The envpkt GitHub Action resolves the credentials described in envpkt.toml and injects them into the job environment — masking secret values in the log and writing them to $GITHUB_ENV so every later step in the job can use them. It’s a thin wrapper over envpkt env github.

Quick start

jobs:
  deploy:
    runs-on: ubuntu-latest
    steps:
      - uses: actions/checkout@v5

      - uses: jordanburke/[email protected]
        with:
          config: ./envpkt.toml
          strict: "true"
        env:
          ENVPKT_AGE_KEY: ${{ secrets.ENVPKT_AGE_KEY }}

      - run: ./deploy.sh # sees the resolved variables; secret values redacted in the log

After the envpkt step, the secrets and env defaults from envpkt.toml are present in the environment for the rest of the job, under their namespaced wire names (e.g.

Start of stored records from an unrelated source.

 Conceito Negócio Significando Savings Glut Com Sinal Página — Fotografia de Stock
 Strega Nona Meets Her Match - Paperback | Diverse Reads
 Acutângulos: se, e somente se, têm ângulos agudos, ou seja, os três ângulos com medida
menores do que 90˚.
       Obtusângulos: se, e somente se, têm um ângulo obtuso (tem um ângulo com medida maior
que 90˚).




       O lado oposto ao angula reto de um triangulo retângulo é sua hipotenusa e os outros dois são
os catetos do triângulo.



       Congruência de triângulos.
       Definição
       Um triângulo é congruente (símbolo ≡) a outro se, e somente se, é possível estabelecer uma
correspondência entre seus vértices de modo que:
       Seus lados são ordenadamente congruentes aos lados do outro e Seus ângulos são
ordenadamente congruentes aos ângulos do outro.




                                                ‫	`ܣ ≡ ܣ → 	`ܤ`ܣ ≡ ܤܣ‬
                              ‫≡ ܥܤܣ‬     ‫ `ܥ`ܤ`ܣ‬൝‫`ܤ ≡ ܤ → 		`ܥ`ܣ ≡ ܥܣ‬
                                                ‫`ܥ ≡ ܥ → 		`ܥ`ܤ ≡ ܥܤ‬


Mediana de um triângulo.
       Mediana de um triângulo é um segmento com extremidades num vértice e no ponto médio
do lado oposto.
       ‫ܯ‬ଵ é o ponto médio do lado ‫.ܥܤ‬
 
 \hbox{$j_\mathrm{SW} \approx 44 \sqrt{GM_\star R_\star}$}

CIV__API_KEY).

Inputs

| Input | Description | Default | | --------- | ------------------------------------------------------------------ | -------- | | config | Path to envpkt.toml (otherwise envpkt’s discovery chain is used) | — | | version | envpkt version to run via npx (e.g. 0.12.0) | latest | | strict | Fail the step if the pre-flight credential audit is not healthy | false | | profile | fnox profile to resolve from (when using fnox) | — |

Supplying the decryption key

Sealed (encrypted_value) packets are the typical CI source: commit them to the repo (they’re age-encrypted and safe to commit) and provide the age private key as a repository/organization secret named ENVPKT_AGE_KEY on the step’s env:

- uses: jordanburke/[email protected]
  env:
    ENVPKT_AGE_KEY: ${{ secrets.ENVPKT_AGE_KEY }}

envpkt writes the inline key to a private (0600) temp file to decrypt and removes it afterwards — no key file needs to live in the repo or runner. Identity precedence:

identity.key_file  >  ENVPKT_AGE_KEY_FILE  >  ENVPKT_AGE_KEY (inline)  >  ~/.envpkt/age-key.txt

Sealed packets need the age CLI on the runner

Decrypting encrypted_value packets shells out to age, which is not preinstalled on GitHub-hosted runners. Install it before the envpkt step:

- run: sudo apt-get update && sudo apt-get install -y age

(Not needed if you only inject plaintext [env.*] defaults, or resolve via fnox.)

Masking

Every secret value is registered with GitHub via ::add-mask:: before it is written, so it is redacted everywhere in the job log. Env defaults ([env.*]) are non-secret by design and are not masked. Because masking and $GITHUB_ENV rely on a shell-safe variable name, keep any [namespace] separator to _/__.

Audit gate

With strict: "true", the step fails (non-zero exit code) when a credential is expired or otherwise unhealthy — a one-line pre-flight gate for your build.

Notes

• Node is assumed present (GitHub-hosted runners ship it). To pin a version, add actions/setup-node before the envpkt step.
• For the current shell instead of a GitHub job (local dev, other CI), use envpkt env export with eval.
• To run a single command with the credentials injected (without $GITHUB_ENV), use envpkt exec.